### Supplied entries
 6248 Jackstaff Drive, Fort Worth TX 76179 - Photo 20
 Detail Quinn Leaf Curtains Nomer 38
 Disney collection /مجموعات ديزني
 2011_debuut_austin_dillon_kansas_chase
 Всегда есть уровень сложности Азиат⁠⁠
######
### Supplied entries
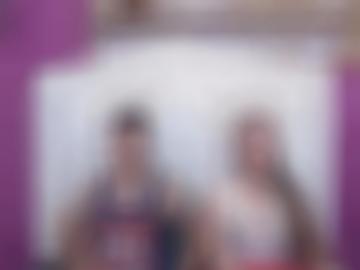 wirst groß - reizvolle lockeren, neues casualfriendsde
######
### Supplied entries
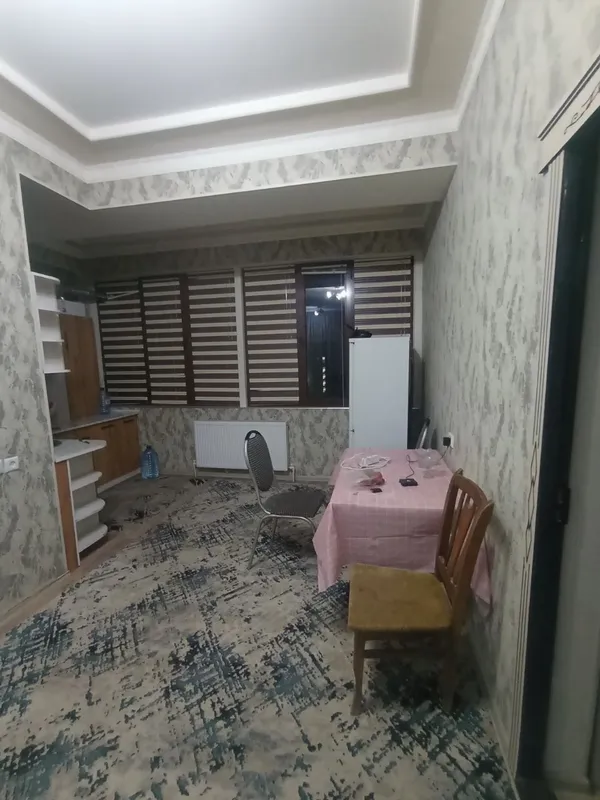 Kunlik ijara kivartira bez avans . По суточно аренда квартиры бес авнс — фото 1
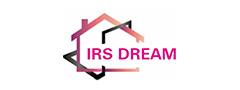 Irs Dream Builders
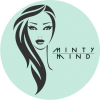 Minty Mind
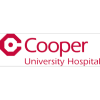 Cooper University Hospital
######
**Task**
Your answer must be the lines above from the one containing "6248 Jackstaff Drive, Fort" to the one containing "Всегда есть уровень сложности Азиат⁠⁠", both included, restated word for word.

**Output of the exercise**
 6248 Jackstaff Drive, Fort Worth TX 76179 - Photo 20
 Detail Quinn Leaf Curtains Nomer 38
 Disney collection /مجموعات ديزني
 2011_debuut_austin_dillon_kansas_chase
 Всегда есть уровень сложности Азиат⁠⁠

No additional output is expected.